Please return the listing below exactly, without any of its pictures.

Start of Collected data

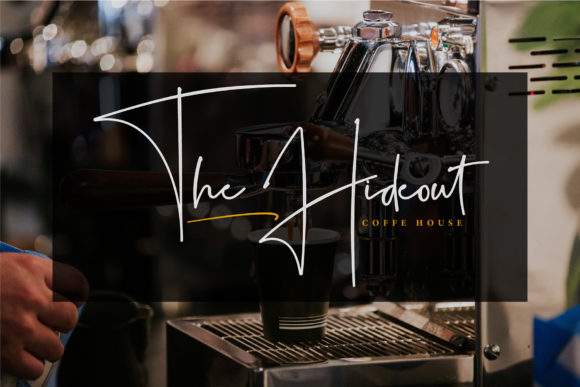 Sightwell Signature Font PNG with transparent background - Preview 6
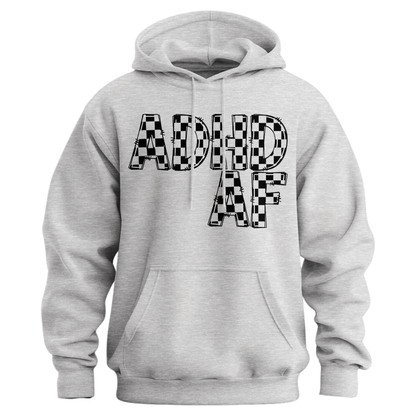 ADHD AF Hoodie (Official Lyndseydotw Merch)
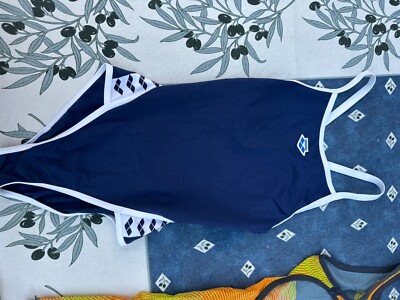 arena Badeanzug icons superfly marine blue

End of Collected data

Task solution:
 Sightwell Signature Font PNG with transparent background - Preview 6
 ADHD AF Hoodie (Official Lyndseydotw Merch)
 arena Badeanzug icons superfly marine blue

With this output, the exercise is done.